Task —
Starting at the line holding "Weisse Kleine Lyrische" and finishing at the line holding "Постер: Yãkwa, o Banquete dos Espíritos", transcribe the material exactly, keeping both ends but no pictures.

Extracted information —

-------------------------

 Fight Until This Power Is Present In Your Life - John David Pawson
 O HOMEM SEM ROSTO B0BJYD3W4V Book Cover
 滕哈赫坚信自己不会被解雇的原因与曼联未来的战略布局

-------------------------

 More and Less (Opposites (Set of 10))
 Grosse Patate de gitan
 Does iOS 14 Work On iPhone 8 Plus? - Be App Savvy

-------------------------

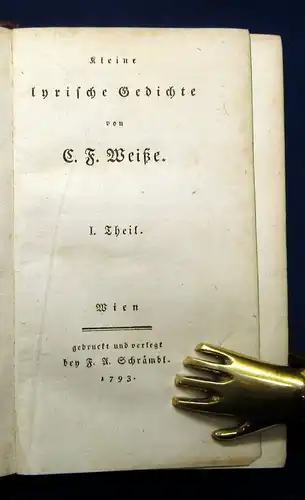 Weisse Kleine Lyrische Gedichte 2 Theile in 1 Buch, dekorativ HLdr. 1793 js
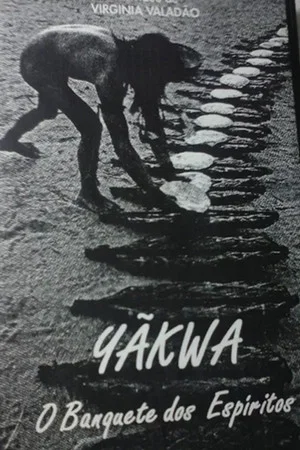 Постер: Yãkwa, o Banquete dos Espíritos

-------------------------

Finished task —
 Weisse Kleine Lyrische Gedichte 2 Theile in 1 Buch, dekorativ HLdr. 1793 js
 Постер: Yãkwa, o Banquete dos Espíritos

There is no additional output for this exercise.